━━━━━ Source data

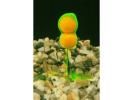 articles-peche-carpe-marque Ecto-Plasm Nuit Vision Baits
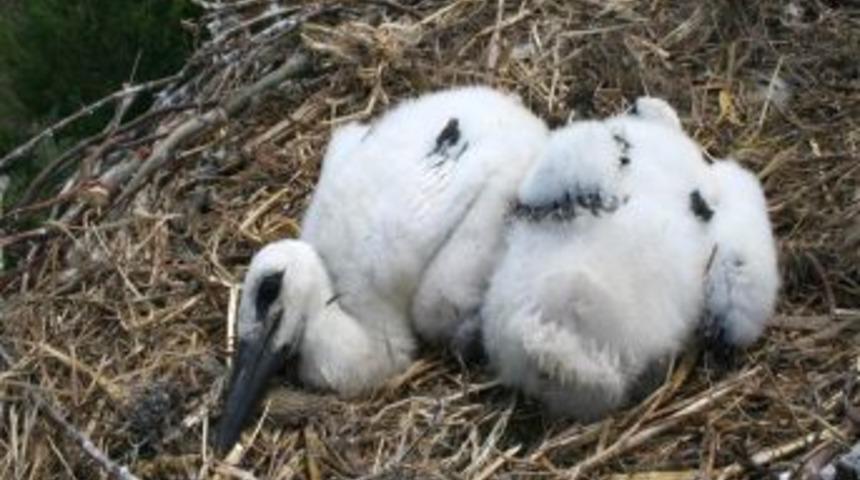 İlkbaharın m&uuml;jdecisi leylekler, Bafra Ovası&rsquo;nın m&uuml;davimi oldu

━━━━━━━━━━
━━━━━ Source data

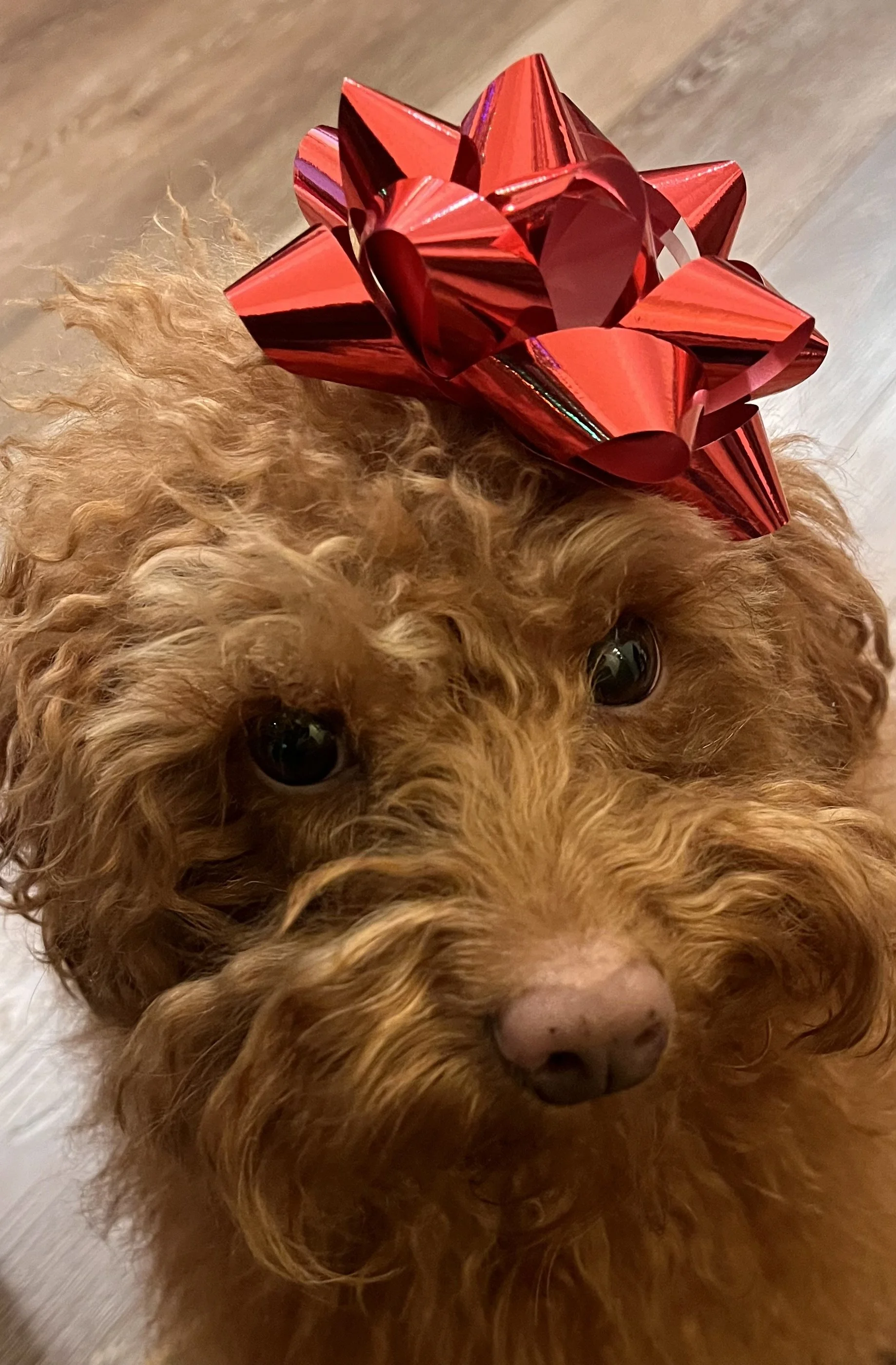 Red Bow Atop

━━━━━━━━━━

• [Exercise description]
Give again the stretch of lines above from the one with "articles-peche-carpe-marque Ecto-Plasm Nuit" through the one with "İlkbaharın m&uuml;jdecisi leylekler, Bafra", both ends kept, and copy no pictures.

• [Written response]
 articles-peche-carpe-marque Ecto-Plasm Nuit Vision Baits
 İlkbaharın m&uuml;jdecisi leylekler, Bafra Ovası&rsquo;nın m&uuml;davimi oldu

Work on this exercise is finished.